3.1 IDENTIFYING ORIGIN AND DESTINATION TAZ

First, using destination coordinates provided in the trip records, each record was matched to an origin and destination TAZ using TAZ geospatial data [provided by MAPC]. The destination TAZ was defined according to a record’s destination coordinates; the origin TAZ was defined according to the destination coordinates for the person’s previous record (i.e. the link just before the one of interest).

3.2 DEFINING TRIPS BY MODE

Modes of interest included non-motorized (NM), single-occupancy vehicle (SOV), high-occupancy vehicle (HOV), walk-access transit (WAT), and drive-access transit (DAT). For the NM, SOV, and HOV modes, trip records were used “as-is”: each record represented one trip. These three modes were defined according to the criteria in Table 1. For mode definitions, see Appendix Table A

Table 1: Definitions for NM, SOV, and HOV trips
Trip Classification
NM Mode = 1 or 2, with any number of travellers
SOV Mode = 3, 4, 11, 12, or 97, with one traveller
HOV Mode = 3, 4, 11, 12, or 97, with two or more travellers; Mode = 8, 9, or 10

By contrast, trip records for WAT and DAT were chained together to create transit trips. Generally, a transit trip was defined as movement from location \(A\) to location \(B\), where all links between \(A\) and \(B\) were either on transit or, if not on transit, had a purpose of switching transportation for a subsequent transit link.

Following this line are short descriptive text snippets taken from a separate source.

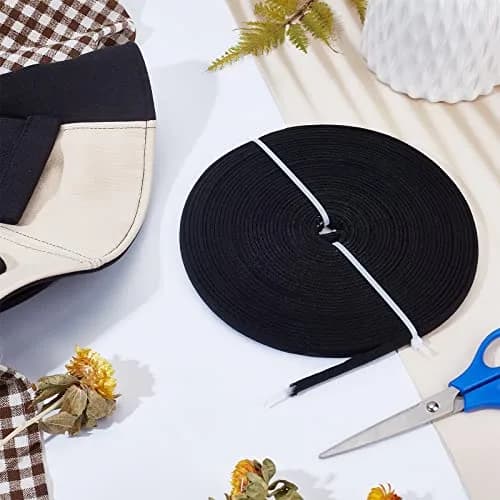 PH PandaHall Cotton Covered Boning 10mm (0.4") Wide, 11m (12 Yards) Black | Flexible Support for Garments thumbnail 2
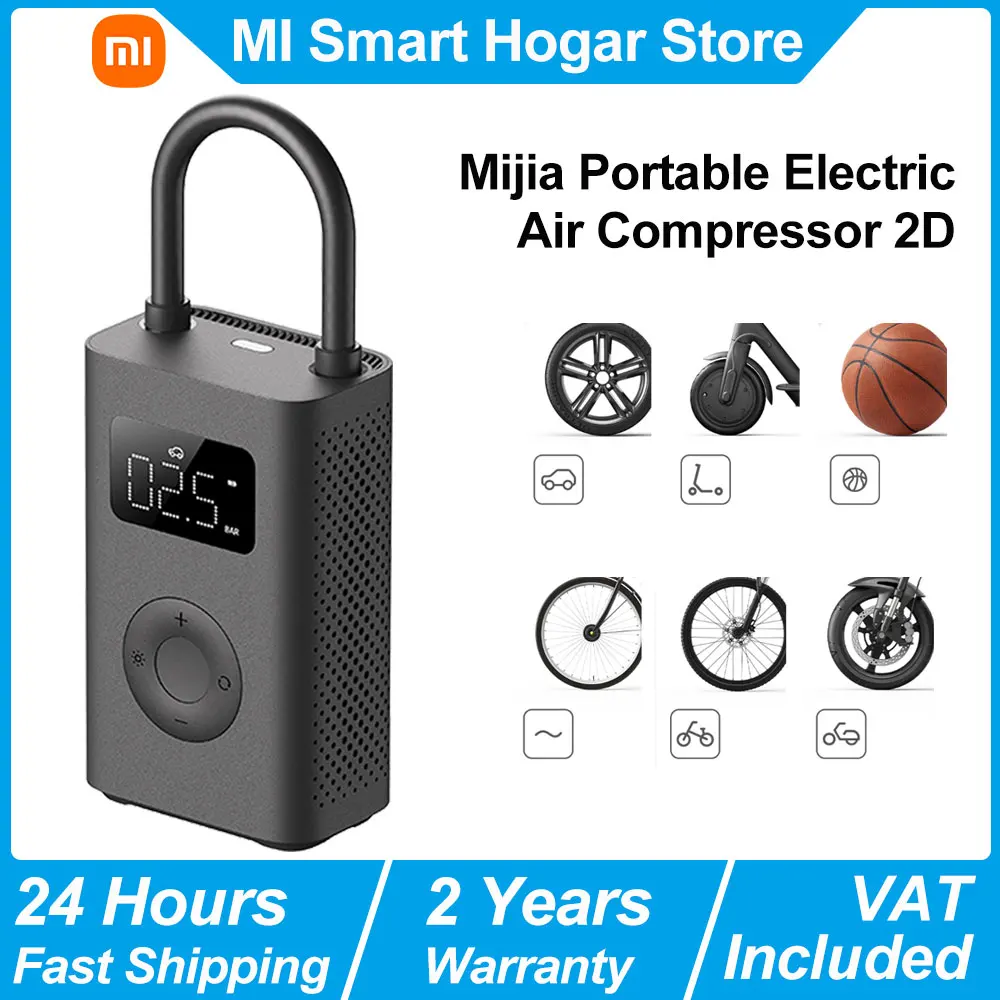 Xiaomi Mijia 2D, przenośna elektryczna pompka powietrza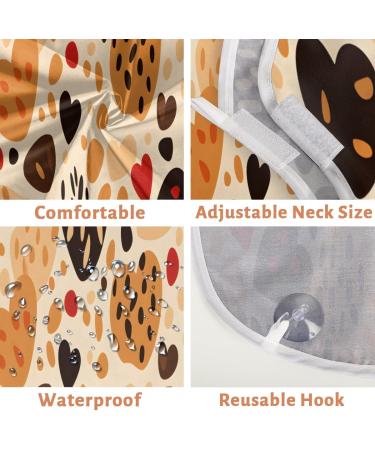 Leopard Heart Beard Bib Apron | Beard Hair Catcher for Men | Perfect Christmas & Father's Day Gift - Buy Online on GoSupps.com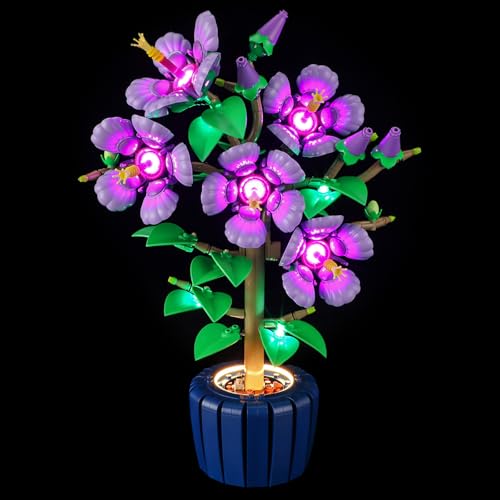 BRIKSMAX LED Beleuchtung für Lego Hibiskus 10372,kompatibles Licht Set für Bausteine - Ohne Lego Set,Premium Deko licht für Modellbau für Home Deko,Geschenk für Erwachsene von BRIKSMAX
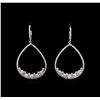 Image 1 : 1.86 ctw Diamond Earrings - 14KT White Gold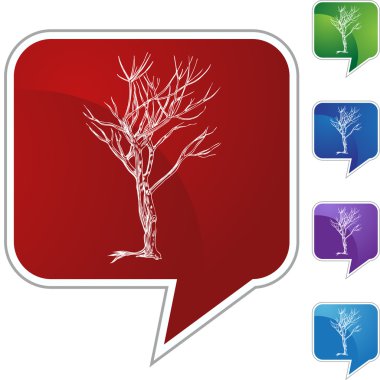 Çıplak ağaç web düğmesi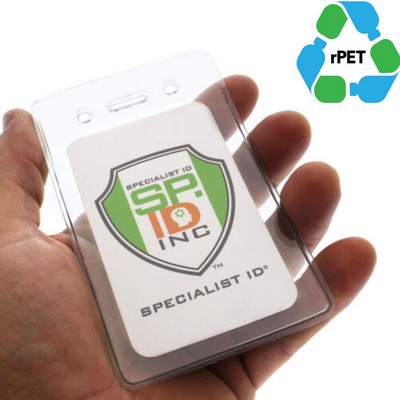 3"W X 4"H rPET Clear Vinyl Vertical Badge Holder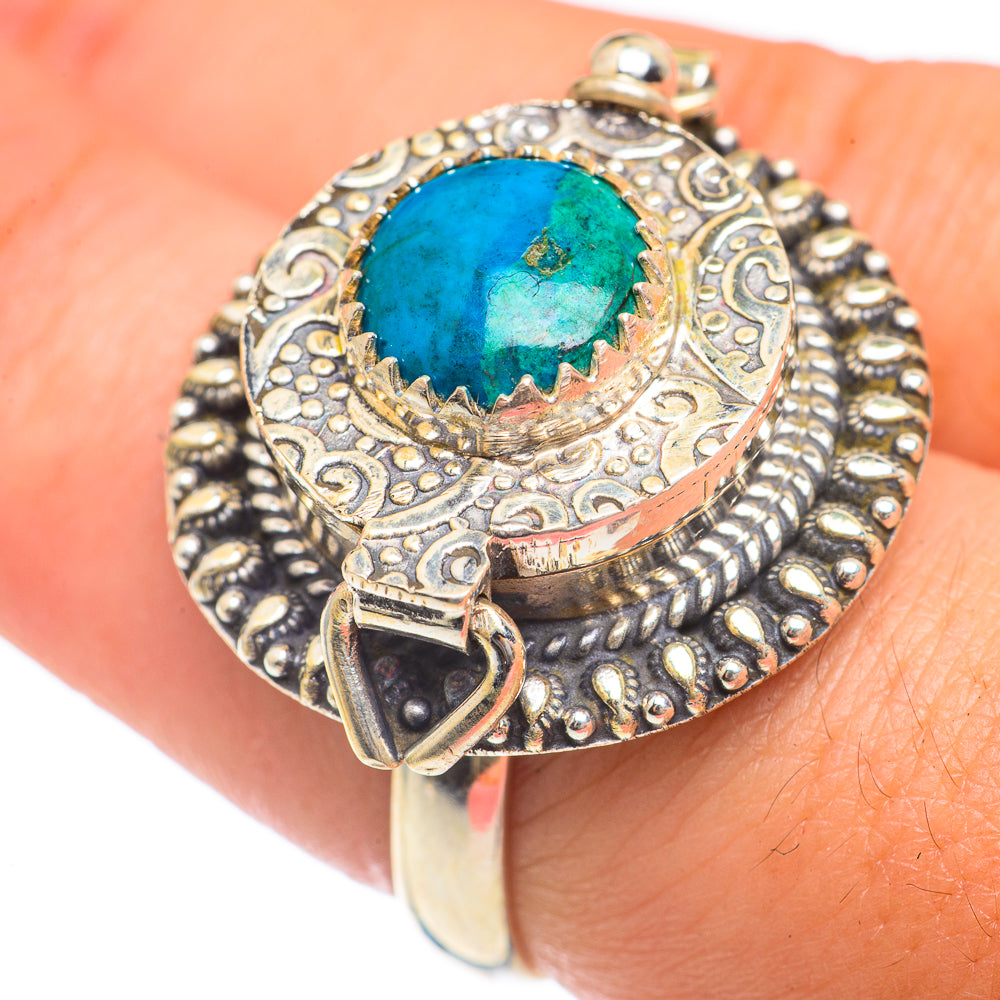 Chrysocolla Rings handcrafted by Ana Silver Co - RING68318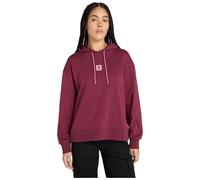 Timberland Womens Loop Back Hoodie burgundy XXS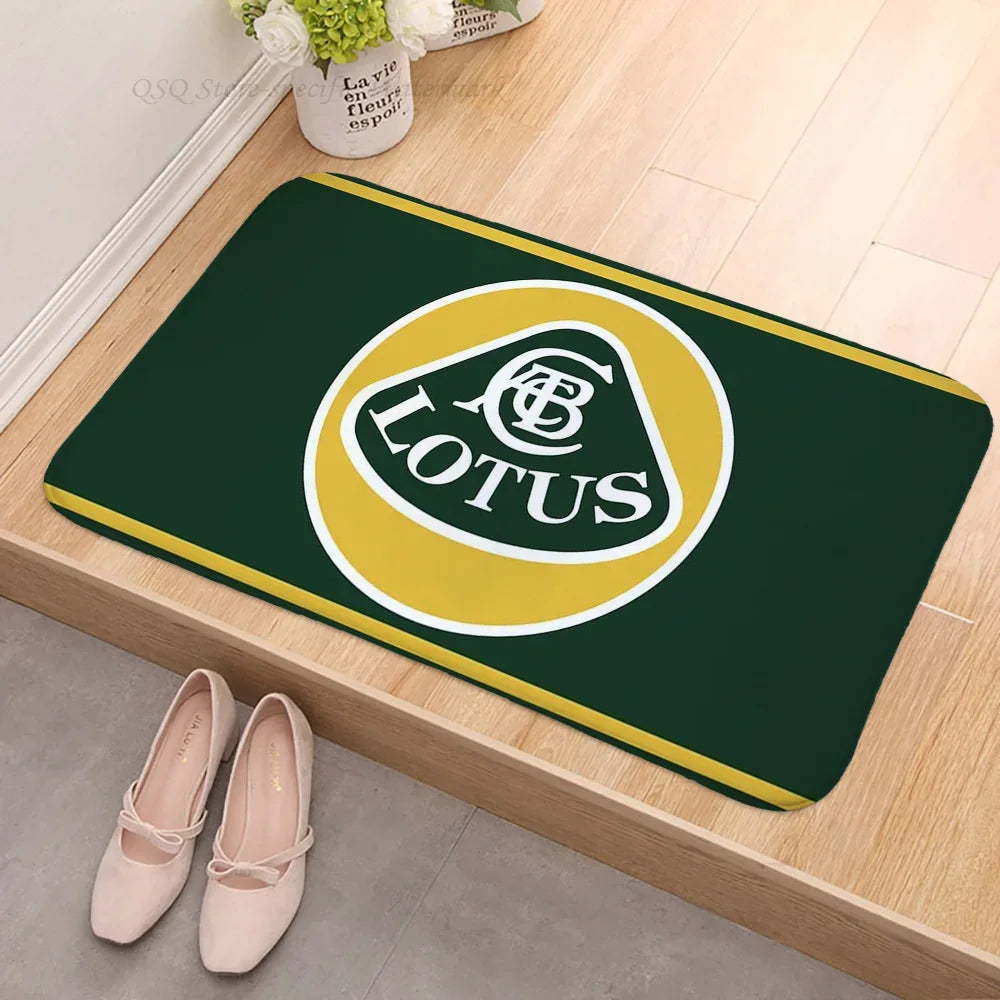 Navak Carpet 1pc Lotus Caterhams Racing Team Car Floor Mat Floor Mat Anti-Slip Kitchen Bedroom Handmade Tufted Rug Carpet Living Room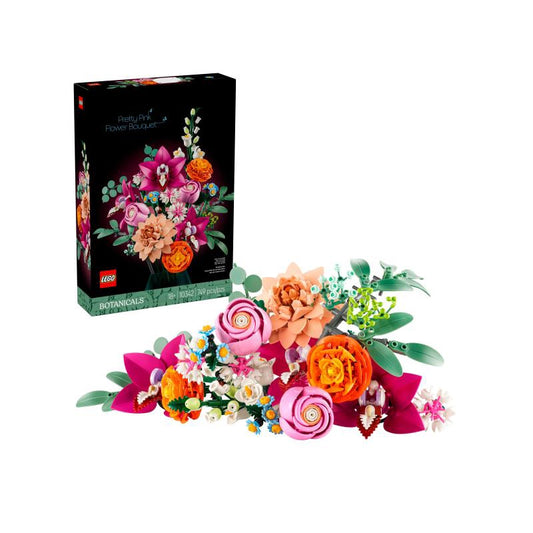LEGO BOQUÊ DE FLORES COR-DE-ROSA ELEGANTE 10342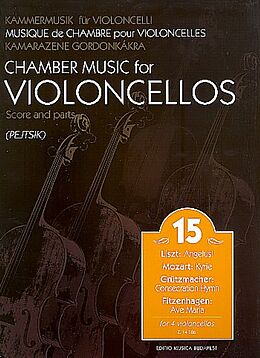  Notenblätter Kammermusik für Violoncelli Band 15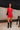 Tatum Red Polka Dot Romper - full body front view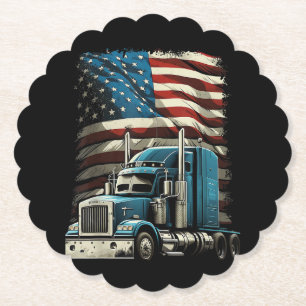 LKWs US-amerikanische Fahne für Patriotic Truck Dr Untersetzer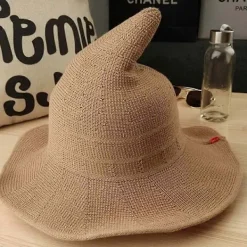 Häxhatt för kvinnor Stickad mössa Halloweenfest Maskerad Cosplay Kostym> Huvudbonader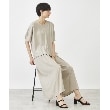 ザ ショップ ティーケー（ウィメン）(THE SHOP TK(Women))の【セットアイテム】ブラウス&フレアパンツ/洗濯機OK グレージュ(050)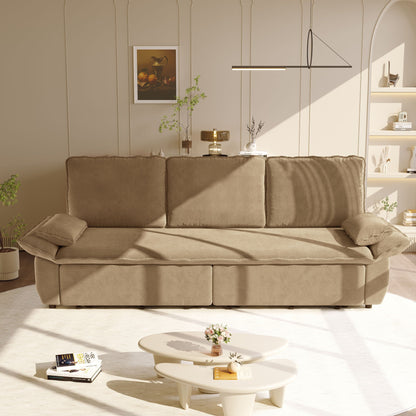 King Size Pull Out Sofa Bed, 3 In 1 Convertible Multifunctional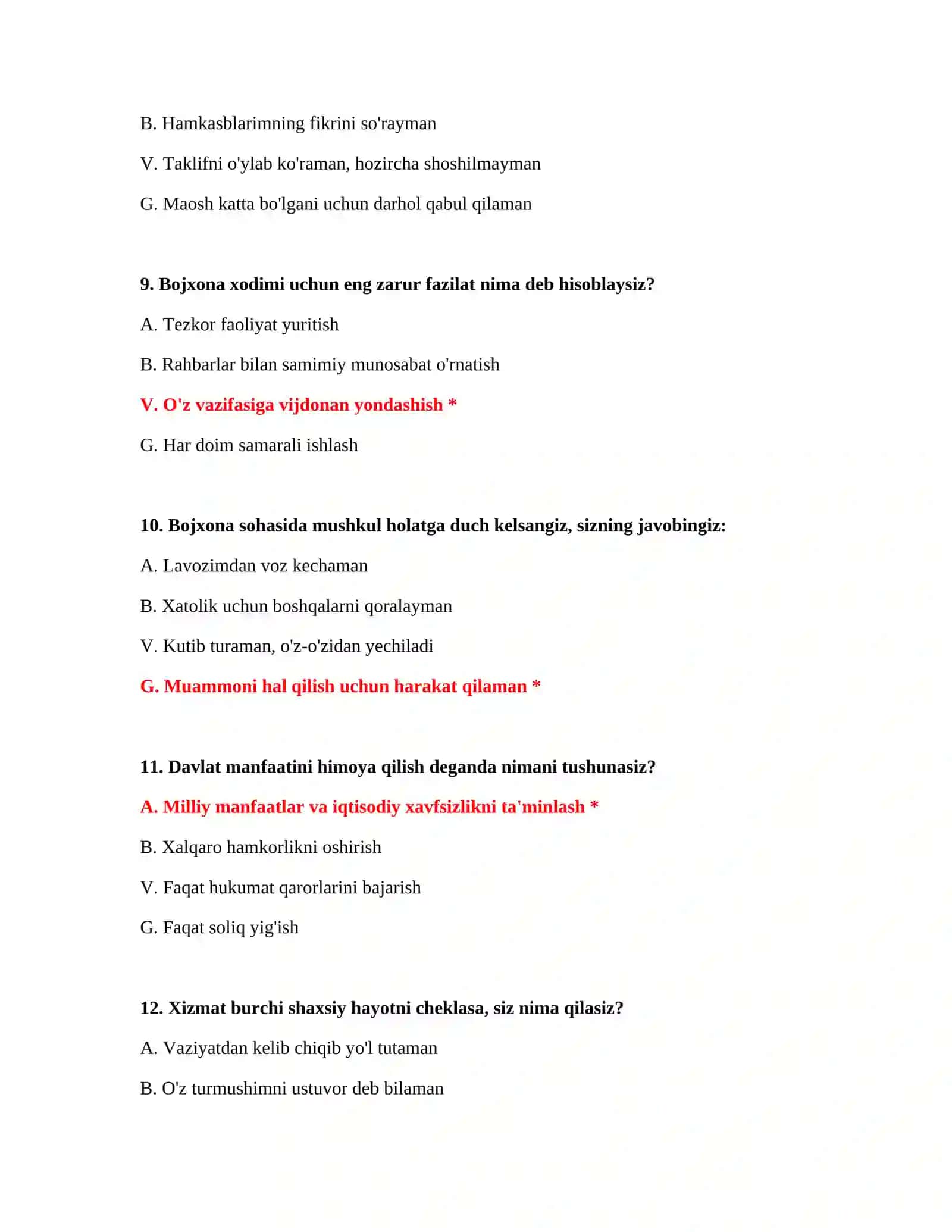 Bojxona mantiqiy test online 4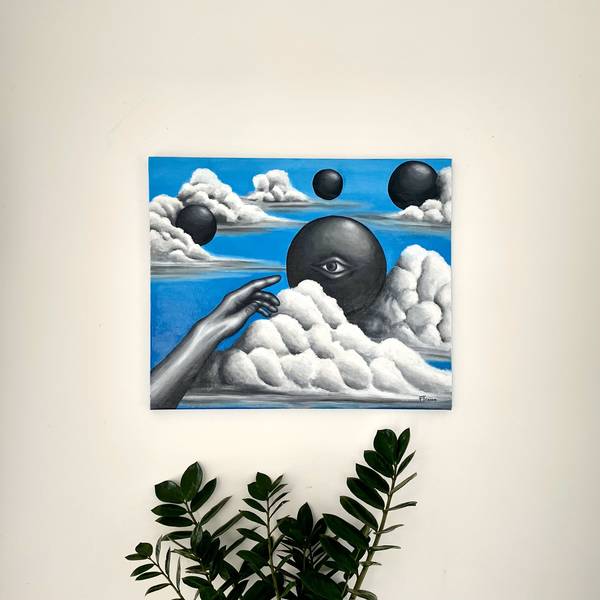 Le Vide III Surrealistic Painting Pierre Freneau - Subjektiv.art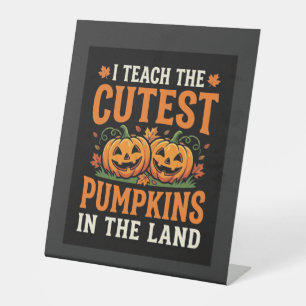 Signe De Table Enseignant Halloween Citrouilles Les Plus Mignonne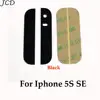 JCD verre inférieur supérieur pour iPhone 5S se couvercle arrière boîtier verre + 3M autocollant adhésif + caméra lentille diffuseur pièces de réparation ► Photo 2/3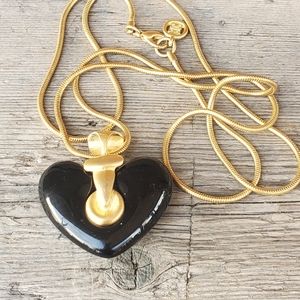 Vintage Givenchy glass heart necklace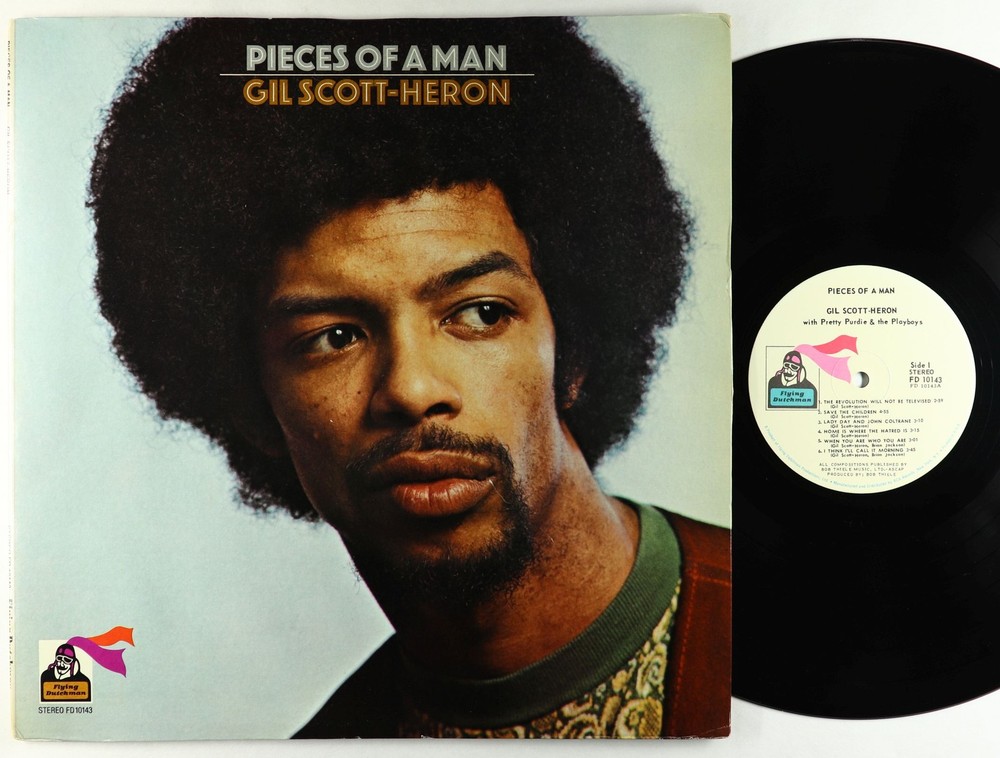 Gil Scott-Heron - Pieces Of A Man LP - Flying Dutchman VG+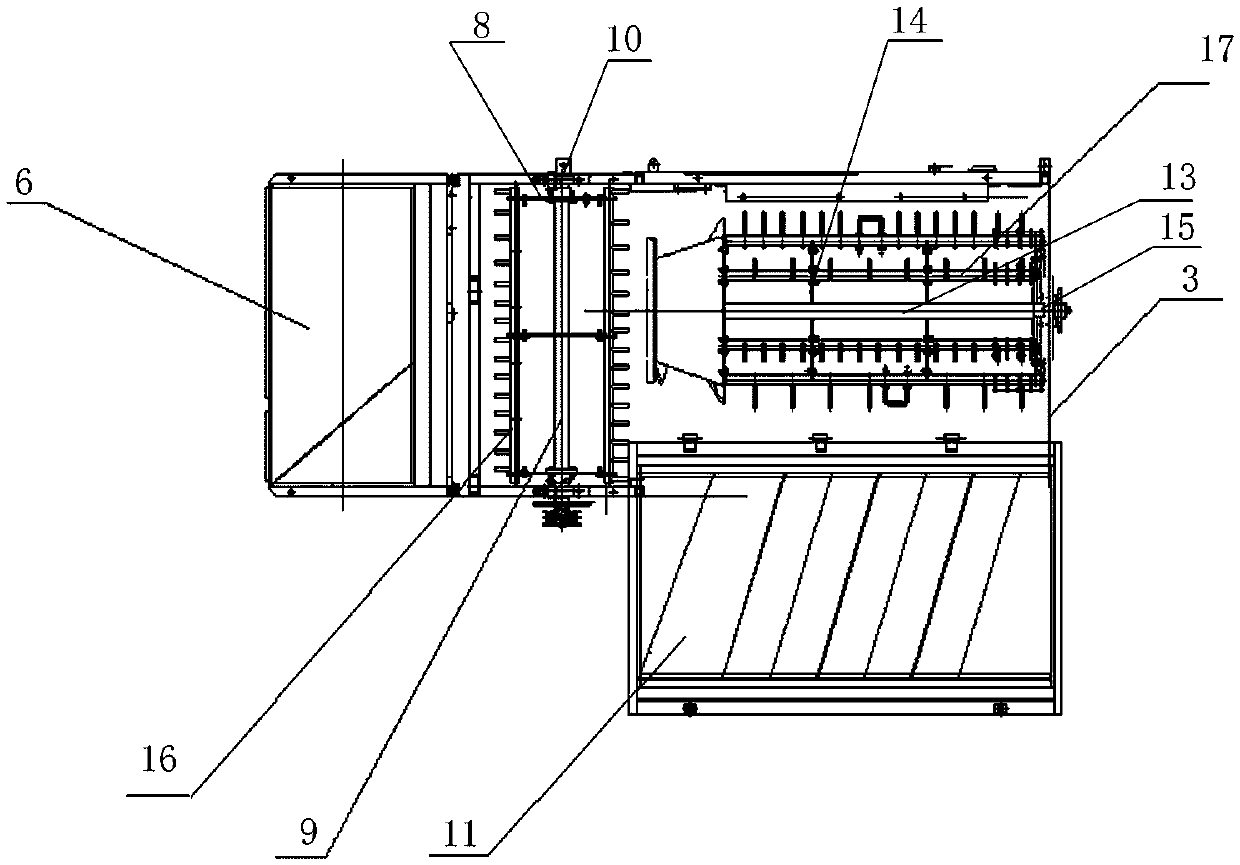 A crawler self-propelled longitudinal flow full-feed combine harvester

The following was considered a single WAT trip from home to work:

  1. A person walks from their home to bus stop \(B1\)

  2. They ride the bus from \(B1\) to bus stop \(B2\)

  3. They walk from \(B2\) to train station \(T1\)

  4. They ride the train from \(T1\) to train station \(T2\)

  5. They walk from \(T2\) to their place of work

However, the following would be considered two transit trips: one WAT trip from home to the store, and one DAT trip from the store to work. This is two trips the case because the third step is neither on transit, nor involves switching to another transit link.

  1. A person walks from their home to bus stop \(B1\)

  2. They ride the bus from \(B1\) to bus stop \(B2\)

  3. They walk from \(B2\) to the store, where they shop for groceries.

  4. They walk from the store to train station \(T1\).

  5. They ride the train from \(T1\) to train station \(T2\)

  6. They walk from \(T2\) to their place of work.

After this chaining, these two modes were defined according to the criteria in Table 2.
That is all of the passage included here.